Larry Summers is resigning (under faculty fire) as president of Harvard. He had been brought in by the Corporation, in the Spring of 2001, as a representative of Clintonian Democratic Party centrism, with the goal of wresting that university’s management and destiny out of the hands of representatives of the aberrant culture of leftwing radicalism which has flourished in post-1960s academic institutions the way kudzu flourishes beside Southern highways. Summers was given a vote of no confidence by the faculty of Arts and Sciences last March as punishment for a mild remark speculating on the possibility of intrinsic gender differences playing some partial role in the smaller numbers of females working as professionally as mathematicians, scientists, and engineers.

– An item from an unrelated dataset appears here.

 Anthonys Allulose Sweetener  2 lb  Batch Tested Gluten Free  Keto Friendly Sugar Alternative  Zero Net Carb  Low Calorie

In the 18th century, tyrannical presidents of the great American colleges first ruthlessly purged faculties and student bodies of New Light deviationists from Congregationalist Orthodoxy, then later when the Great Awakening prospered, also purged the Old Light survivors of earlier efforts at uniformity.

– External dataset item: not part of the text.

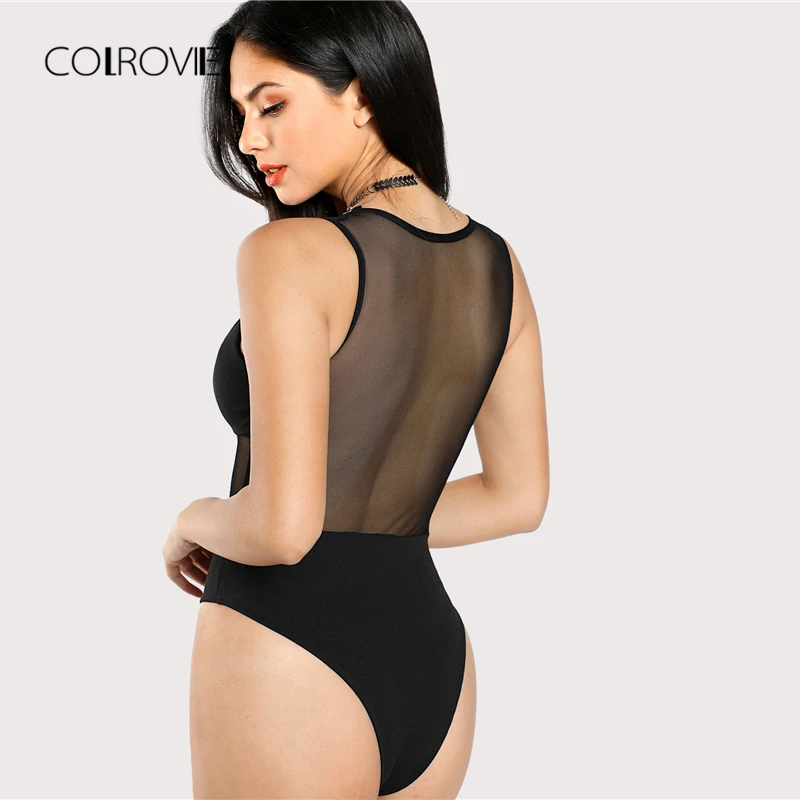 COLROVIE شبكة إدراج هوك و العين صد مثير ارتداءها 2018 جديد الصيف الأسود أكمام نحيل ارتداءها V الرقبة النساء ارتداءها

Summers’ defeat deserves to be viewed as a modern repetition of the ancient struggles at Harvard and Yale over the fine points of theology. Summers represented the worldly and optimistic party of affirmative Democratic governance, adaptable to post-Reagan changes in the national agenda, reconciled to the necessities of the free market, and committed to technocratic pragmatism. He is being driven out by a consensus loyal to a culture of conformity in thrall to leftist extremism, committed to the politics of ressentiment, the apocalyptic condemnation of Euro-American history, and to the rejection of market capitalism.
When Summers dared to criticize Afro-American studies professor Cornell West and suggested that popular notions of feminine victimhood might possibly be exaggerated, the result was much as if one of his 17th century predecessors had ventured upon criticism of Predestination, and expressed doubts concerning some of the articles of the Augsburg Confession. Summers’ defeat represents indubitably the triumph of a reactionary orthodoxy at Harvard, and an explicit rejection of the idea of a reconciliation between the academic community and the diurnal political reality of America in the 21st Century.